In 2013, Yorkey's musical with Kitt, If/Then, starring Idina Menzel, LaChanze, and Anthony Rapp, had its pre-Broadway try-out at The National Theatre in Washington, D.C. The musical subsequently opened on Broadway on March 30, 2014. The musical garnered a Tony Award nomination and Outer Critics Circle nomination for Best Original Score for Kitt and Yorkey, as well as a nomination for Best Performance by a Leading Actress for Menzel.

In 2014, Yorkey's collaborative work, with Sting and co-librettist John Logan, The Last Ship opened on Broadway. The musical is loosely based on Sting's album The Soul Cages (1990). It opened on September 29, 2014. Yorkey and Logan were nominated for an Outer Critics Circle Award for their book.

He co-wrote the book and lyrics, with Melanie Burgess, to Jesus in My Bedroom, an original musical, with a score by Tim Symons. Jesus in My Bedroom received a reading at Village Theatre's 13th Annual Festival of New Musicals.

He wrote the music, with Kitt, for a musical version of Freaky Friday with librettist Bridget Carpenter. Freaky Friday is produced by Disney Theatrical Productions, and had its World Premiere at the Signature Theatre (Arlington, Virginia) in October 2016. The musical began performances at the La Jolla Playhouse, San Diego, on January 31, 2017 running to March 12. The cast features Emma Hunton and Heidi Blickenstaff.

===Film and television===
Yorkey adapted Jay Asher's bestselling novel, 13 Reasons Why, for Netflix, Paramount Television and Anonymous Content. Spanning four seasons, the series ran from March 2017 to June 2020. While the first season earned positive reviews, the rest were poorly received.

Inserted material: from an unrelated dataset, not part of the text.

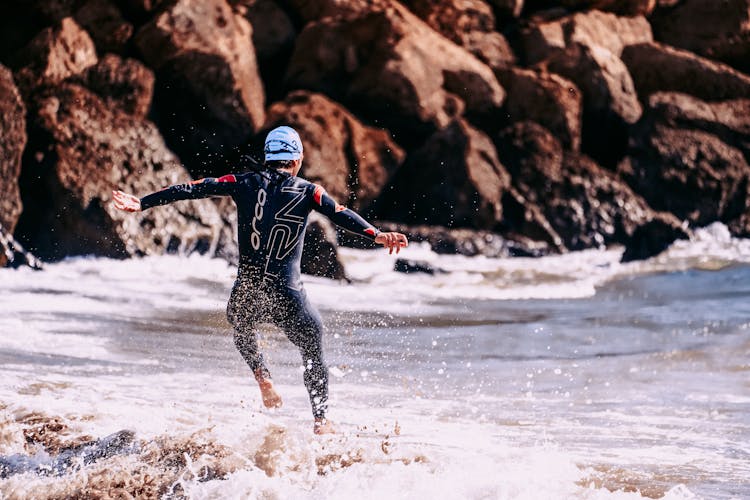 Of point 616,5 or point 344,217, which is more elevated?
point 344,217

He scripted Sluts for Lionsgate Films. His first feature film pitch, Time After Time, sold in a bidding war to Universal Pictures. It is now fast tracked at Lionsgate/Summit with Bradley Buecker directing. Yorkey is adapting Next to Normal's film adaptation for Anonymous Content and an untitled fashion musical for Paramount Pictures, Walter Parkes and Laurie MacDonald. Yorkey and Kitt are also developing Score!, a theatre camp musical for Robert Downey Jr. to star in for Warner Bros.

More recently, he signed deals with Netflix to start the Echoes limited series, and adapt Neal Shusterman's book Game Changer into a series.

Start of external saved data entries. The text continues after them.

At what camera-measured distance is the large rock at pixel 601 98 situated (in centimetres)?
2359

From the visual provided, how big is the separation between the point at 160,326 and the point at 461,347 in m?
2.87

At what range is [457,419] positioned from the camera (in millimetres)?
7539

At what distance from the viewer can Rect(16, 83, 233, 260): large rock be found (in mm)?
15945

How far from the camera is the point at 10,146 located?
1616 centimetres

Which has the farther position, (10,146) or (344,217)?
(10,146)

===Future theatrical projects===
Yorkey was working with Tom Kitt on a musical adaption of Magic Mike, with Roberto Aguirre-Sacasa writing the book. According to various news sources, on May 2 and 3, 2019, the creative team of Kitt, Yorkey and Aguirre-Sacasa have left the project and a private workshop that had been scheduled for the week of May 3 has been cancelled.